To directly address scalability concerns, we conducted additional experiments on ogbn-products [3], one of the largest OGB datasets (>2 million nodes, >60 million edges). We evaluated the retaining information task using GCN with a varying number of layers:

Num LayersMPCAccuracy
23.60.44
44.70.26
65.20.10
85.30.10

Key observations:

  • MPC trends match trends in empirical performance.
  • GCN training required >15 hours on A100 GPUs while MPC simulation required <10 minutes on consumer CPU (using approach in App. D.5).

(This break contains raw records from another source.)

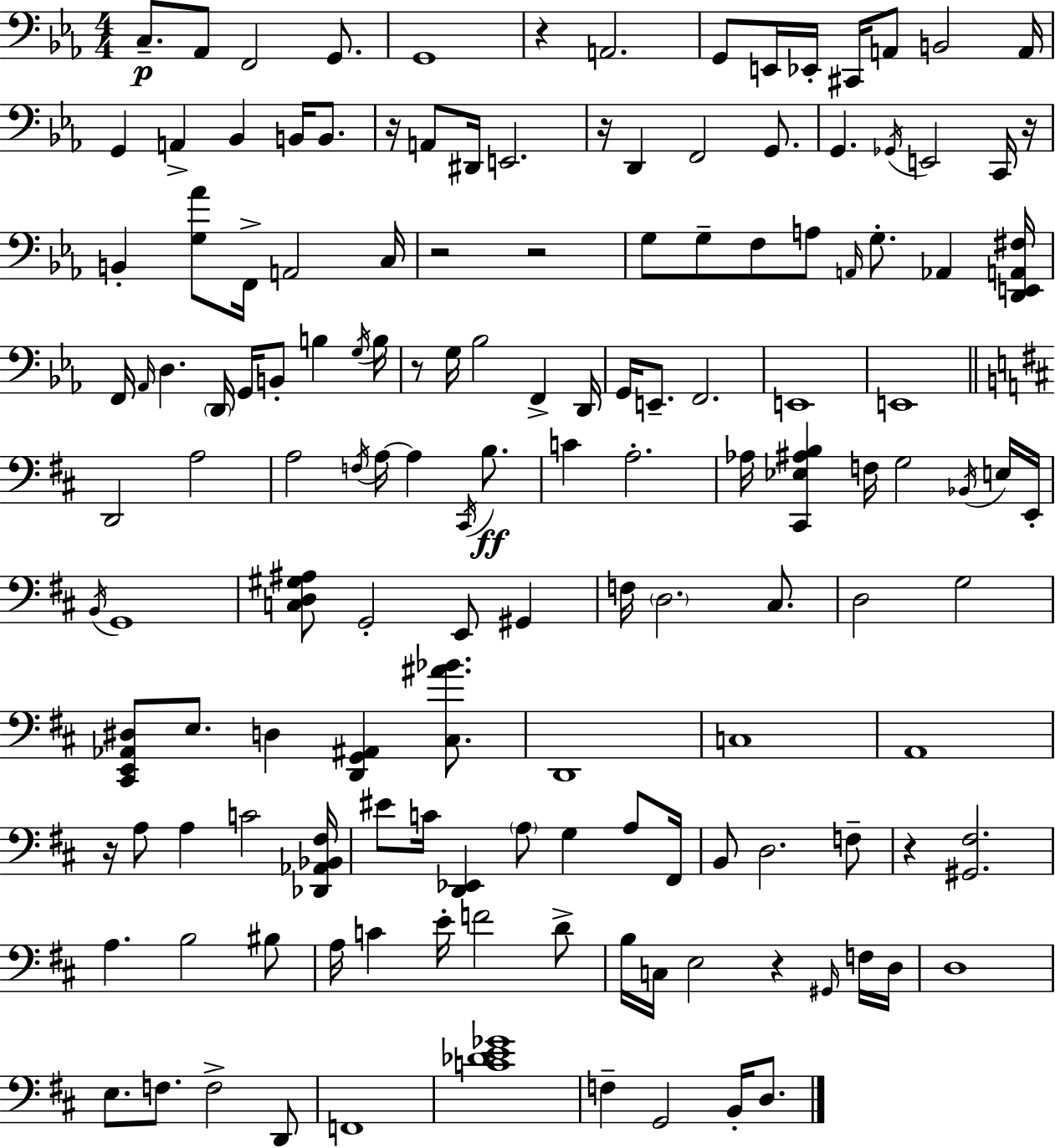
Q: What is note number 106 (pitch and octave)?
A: E4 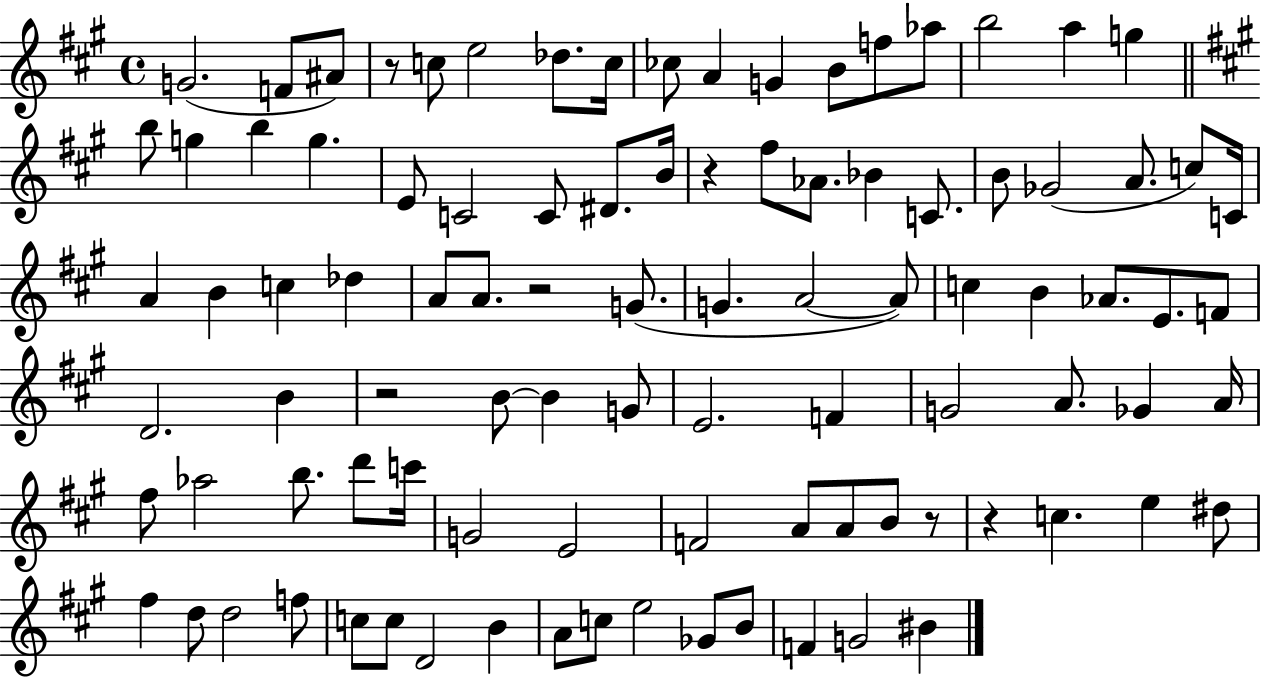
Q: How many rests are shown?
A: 6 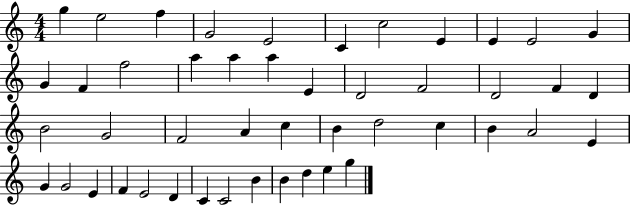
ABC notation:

X:1
T:Untitled
M:4/4
L:1/4
K:C
g e2 f G2 E2 C c2 E E E2 G G F f2 a a a E D2 F2 D2 F D B2 G2 F2 A c B d2 c B A2 E G G2 E F E2 D C C2 B B d e g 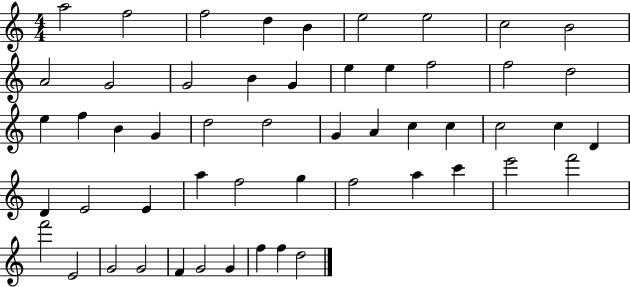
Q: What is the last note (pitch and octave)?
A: D5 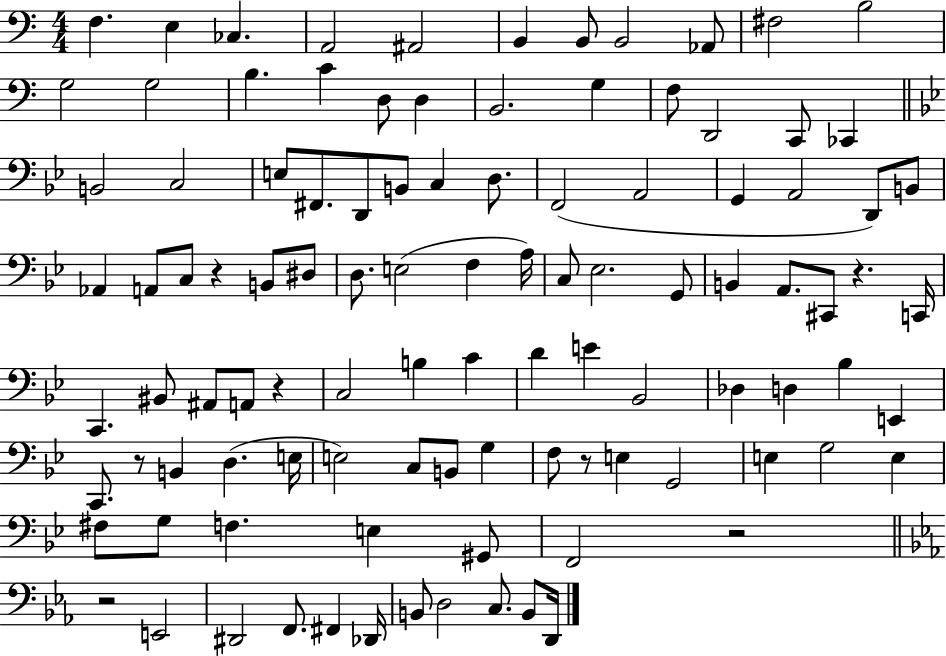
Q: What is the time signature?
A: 4/4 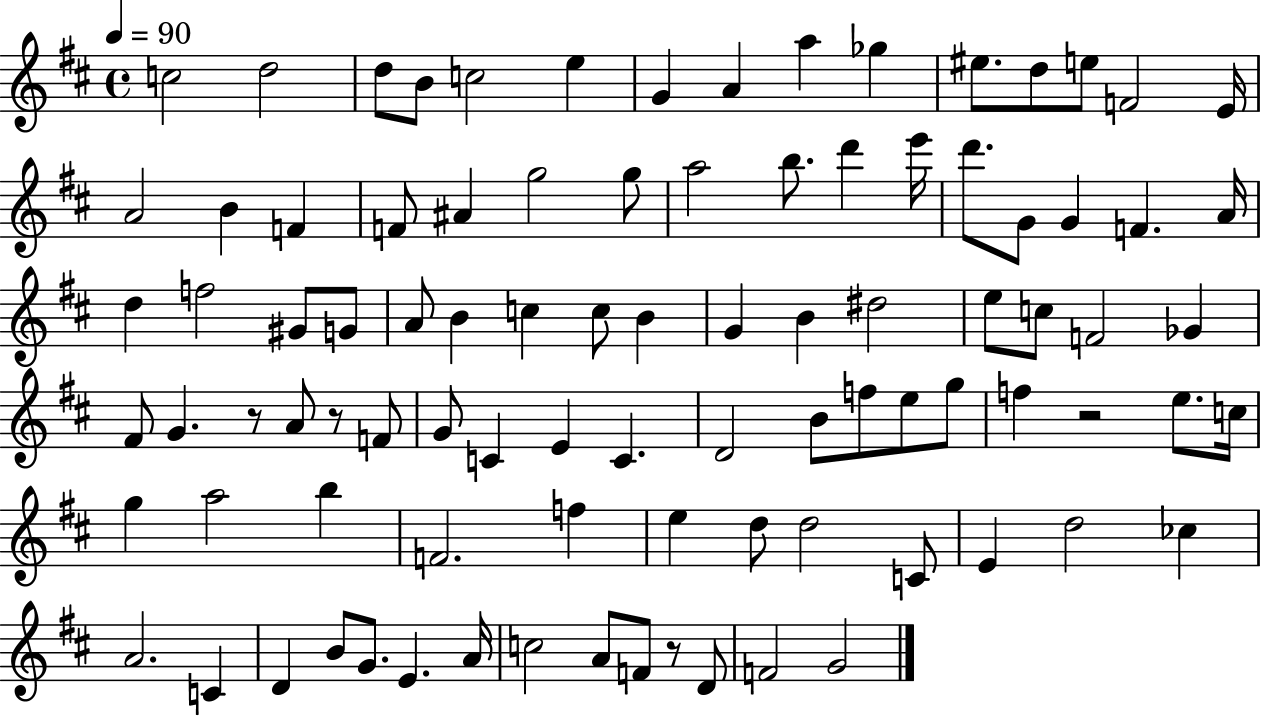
X:1
T:Untitled
M:4/4
L:1/4
K:D
c2 d2 d/2 B/2 c2 e G A a _g ^e/2 d/2 e/2 F2 E/4 A2 B F F/2 ^A g2 g/2 a2 b/2 d' e'/4 d'/2 G/2 G F A/4 d f2 ^G/2 G/2 A/2 B c c/2 B G B ^d2 e/2 c/2 F2 _G ^F/2 G z/2 A/2 z/2 F/2 G/2 C E C D2 B/2 f/2 e/2 g/2 f z2 e/2 c/4 g a2 b F2 f e d/2 d2 C/2 E d2 _c A2 C D B/2 G/2 E A/4 c2 A/2 F/2 z/2 D/2 F2 G2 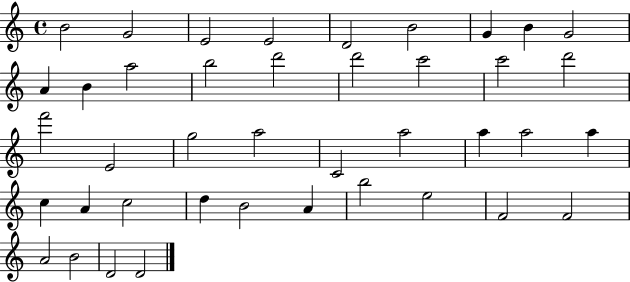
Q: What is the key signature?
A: C major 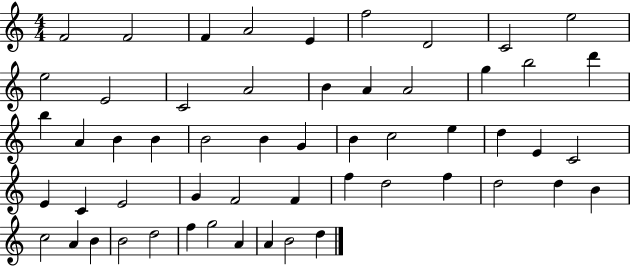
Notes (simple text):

F4/h F4/h F4/q A4/h E4/q F5/h D4/h C4/h E5/h E5/h E4/h C4/h A4/h B4/q A4/q A4/h G5/q B5/h D6/q B5/q A4/q B4/q B4/q B4/h B4/q G4/q B4/q C5/h E5/q D5/q E4/q C4/h E4/q C4/q E4/h G4/q F4/h F4/q F5/q D5/h F5/q D5/h D5/q B4/q C5/h A4/q B4/q B4/h D5/h F5/q G5/h A4/q A4/q B4/h D5/q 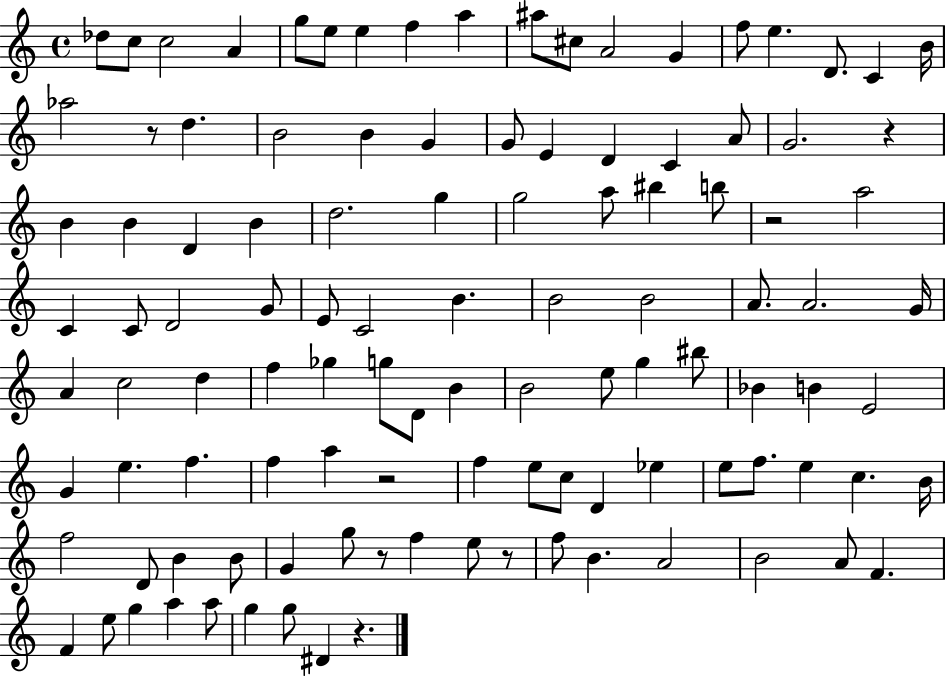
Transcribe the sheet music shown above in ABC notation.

X:1
T:Untitled
M:4/4
L:1/4
K:C
_d/2 c/2 c2 A g/2 e/2 e f a ^a/2 ^c/2 A2 G f/2 e D/2 C B/4 _a2 z/2 d B2 B G G/2 E D C A/2 G2 z B B D B d2 g g2 a/2 ^b b/2 z2 a2 C C/2 D2 G/2 E/2 C2 B B2 B2 A/2 A2 G/4 A c2 d f _g g/2 D/2 B B2 e/2 g ^b/2 _B B E2 G e f f a z2 f e/2 c/2 D _e e/2 f/2 e c B/4 f2 D/2 B B/2 G g/2 z/2 f e/2 z/2 f/2 B A2 B2 A/2 F F e/2 g a a/2 g g/2 ^D z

This demonstrates that MPC maintains both its predictive power and computational advantages for this large-scale dataset. We have included this additional experiment in Sec. 5 and thank the reviewer for this suggestion, which has strengthened our manuscript.

Question 1: Missing features

While our current work specifically focuses on isolating message-passing complexity from other sources, the probabilistic foundation of MPC offers potential for extension to additional complexity sources like missing features.

We can extend MPC by modifying the initial step in Def. 4.3 to model feature availability: lossyWLv0=LvXv\text{lossyWL}_v^0 = L_v \cdot X_v where LvBernoulli(pv)L_v \sim \text{Bernoulli}(p_v) represents the probability of feature availability.

For a first empirical demonstration, we conduct our information propagation experiment (D=5, GCN) with varying levels of missing node feature probabilities:

Missing Feature ProbabilityMPCAccuracy
0.04.90.69
0.25.10.47
0.45.40.14
0.65.80.11

The results show that the adapted MPC accurately captures the increasing difficulty with feature loss in this initial experiment.

More broadly, this demonstrates the potential of our probabilistic formulation to extend to other complexity sources beyond message passing — something existing expressivity measures based on logic or WL tests cannot seamlessly accommodate. We have added a discussion of this extension to the future work section of our manuscript.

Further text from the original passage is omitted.